You Need to Pay Better Attention
๐ Abstract
The paper introduces three new attention mechanisms - Optimised Attention, Efficient Attention, and Super Attention - that outperform standard multi-head attention in terms of efficiency and learning capabilities. The key contributions are:
- Optimised Attention reduces the attention layer size by 25% and computational cost by one matrix multiplication per head, while performing similarly to standard attention.
- Efficient Attention reduces the attention layer size by 50% and computational cost by two matrix multiplications, performing on par with standard attention while being up to twice as fast.
- Super Attention outperforms standard attention by 2-7% in accuracy on vision and language tasks, while reducing the attention layer size by 25% and computational cost by up to 45% when the context size is equal to or smaller than the model dimension.
The proposed attention mechanisms aim to improve the performance and deployability of Transformer models, especially on edge devices.
๐ Q&A
[01] Optimised Attention
1. How does Optimised Attention reduce the computational cost and number of parameters compared to standard attention? Optimised Attention reduces the attention layer size by 25% and the computational cost by one matrix multiplication per head, compared to standard attention. This is achieved by absorbing the value transformation matrix into the attention scores, eliminating the need for a separate matrix multiplication.
2. How does the performance of Optimised Attention compare to standard attention? Optimised Attention performs similarly to standard attention in terms of learning capabilities, as demonstrated in the experiments. The authors show that Optimised Attention can replace standard attention in models that rely on multiple attention heads without significantly affecting the model's performance.
3. How does Optimised Attention maintain the linear rank of the attention mechanism compared to standard attention? The authors show that Optimised Attention is equivalent to standard multi-head attention in terms of linear rank, meaning it preserves the same amount of linearly independent information in the attention scores.
[02] Efficient Attention
1. How does Efficient Attention further optimize the attention mechanism compared to Optimised Attention? Efficient Attention builds on top of Optimised Attention and optimizes it even further. It reduces the attention layer size by 50% and the computational cost by two matrix multiplications, compared to standard attention. This is achieved by replacing the multiple attention score matrices with a single matrix, while still maintaining the same linear rank as standard attention.
2. How does the performance of Efficient Attention compare to standard attention?
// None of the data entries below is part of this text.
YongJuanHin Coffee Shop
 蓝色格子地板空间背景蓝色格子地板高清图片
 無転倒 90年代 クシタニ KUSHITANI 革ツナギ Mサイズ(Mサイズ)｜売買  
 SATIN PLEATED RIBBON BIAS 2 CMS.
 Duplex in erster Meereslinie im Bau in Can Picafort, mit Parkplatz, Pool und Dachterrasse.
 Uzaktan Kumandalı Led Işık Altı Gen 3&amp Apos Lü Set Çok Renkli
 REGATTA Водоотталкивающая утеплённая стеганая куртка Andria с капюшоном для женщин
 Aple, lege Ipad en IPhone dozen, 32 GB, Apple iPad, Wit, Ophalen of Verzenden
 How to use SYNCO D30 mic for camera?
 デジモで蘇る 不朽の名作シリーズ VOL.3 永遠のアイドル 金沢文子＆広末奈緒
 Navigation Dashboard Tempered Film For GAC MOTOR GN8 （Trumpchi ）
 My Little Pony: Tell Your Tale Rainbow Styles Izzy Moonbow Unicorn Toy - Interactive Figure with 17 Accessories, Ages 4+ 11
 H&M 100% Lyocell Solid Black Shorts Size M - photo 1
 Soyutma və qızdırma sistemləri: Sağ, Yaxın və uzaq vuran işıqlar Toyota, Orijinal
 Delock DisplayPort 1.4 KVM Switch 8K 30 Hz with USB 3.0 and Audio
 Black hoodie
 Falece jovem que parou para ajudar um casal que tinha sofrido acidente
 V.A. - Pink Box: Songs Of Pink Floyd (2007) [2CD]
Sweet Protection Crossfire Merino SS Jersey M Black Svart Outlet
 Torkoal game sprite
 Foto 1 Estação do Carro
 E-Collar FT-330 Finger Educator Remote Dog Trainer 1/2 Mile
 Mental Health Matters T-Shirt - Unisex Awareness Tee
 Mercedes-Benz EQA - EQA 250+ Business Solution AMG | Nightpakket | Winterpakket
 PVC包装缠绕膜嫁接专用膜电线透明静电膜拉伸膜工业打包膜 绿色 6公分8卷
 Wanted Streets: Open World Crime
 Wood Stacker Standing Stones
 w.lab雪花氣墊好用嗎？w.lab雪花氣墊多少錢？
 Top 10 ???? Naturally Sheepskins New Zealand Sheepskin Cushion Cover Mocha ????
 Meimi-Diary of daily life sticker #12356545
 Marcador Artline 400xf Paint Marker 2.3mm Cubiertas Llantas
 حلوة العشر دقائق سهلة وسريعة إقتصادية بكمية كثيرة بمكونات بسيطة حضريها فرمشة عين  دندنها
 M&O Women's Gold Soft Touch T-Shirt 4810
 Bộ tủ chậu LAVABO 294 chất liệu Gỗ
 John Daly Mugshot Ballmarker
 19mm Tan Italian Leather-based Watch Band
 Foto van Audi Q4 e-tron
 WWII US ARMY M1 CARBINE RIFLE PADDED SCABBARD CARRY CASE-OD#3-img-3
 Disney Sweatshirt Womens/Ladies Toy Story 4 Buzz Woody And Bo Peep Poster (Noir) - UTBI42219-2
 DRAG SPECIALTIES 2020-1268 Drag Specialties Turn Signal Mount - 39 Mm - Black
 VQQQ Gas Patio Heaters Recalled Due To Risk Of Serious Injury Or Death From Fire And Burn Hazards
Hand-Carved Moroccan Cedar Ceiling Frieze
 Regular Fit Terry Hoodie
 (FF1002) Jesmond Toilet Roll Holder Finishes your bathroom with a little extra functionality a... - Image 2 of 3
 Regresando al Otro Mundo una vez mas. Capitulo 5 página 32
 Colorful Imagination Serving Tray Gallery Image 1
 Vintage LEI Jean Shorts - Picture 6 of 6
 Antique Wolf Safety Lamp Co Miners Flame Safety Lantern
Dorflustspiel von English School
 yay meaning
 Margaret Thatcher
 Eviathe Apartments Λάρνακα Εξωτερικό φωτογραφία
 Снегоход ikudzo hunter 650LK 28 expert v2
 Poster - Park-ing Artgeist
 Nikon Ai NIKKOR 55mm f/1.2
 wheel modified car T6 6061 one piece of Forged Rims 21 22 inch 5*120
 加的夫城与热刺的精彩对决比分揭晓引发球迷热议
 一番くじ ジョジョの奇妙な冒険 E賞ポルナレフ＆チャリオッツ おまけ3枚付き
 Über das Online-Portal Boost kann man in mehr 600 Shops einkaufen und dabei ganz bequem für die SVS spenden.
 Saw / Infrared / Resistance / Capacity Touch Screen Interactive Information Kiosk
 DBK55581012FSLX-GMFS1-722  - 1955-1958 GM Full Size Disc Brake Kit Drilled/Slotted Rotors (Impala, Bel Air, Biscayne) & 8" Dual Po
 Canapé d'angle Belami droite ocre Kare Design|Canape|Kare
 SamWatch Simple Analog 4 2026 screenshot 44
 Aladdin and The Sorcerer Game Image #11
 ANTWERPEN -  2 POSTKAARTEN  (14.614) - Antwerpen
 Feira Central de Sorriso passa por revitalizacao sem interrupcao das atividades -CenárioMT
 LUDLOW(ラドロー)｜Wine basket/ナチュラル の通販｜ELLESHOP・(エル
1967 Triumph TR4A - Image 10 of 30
Efficient Attention performs on par with standard attention in terms of loss and accuracy, while being up to twice as fast. The authors demonstrate that single-head Efficient Attention can match the performance of multi-head standard attention, while being significantly faster and smaller.
[03] Super Attention
1. How does Super Attention differ from the previous attention mechanisms? Super Attention introduces an additional learnable "alignment" kernel that vertically aligns and mixes the values before applying the attention scores. This aligns with the authors' third observed principle that a linear kernel between the inputs increases the learning capabilities.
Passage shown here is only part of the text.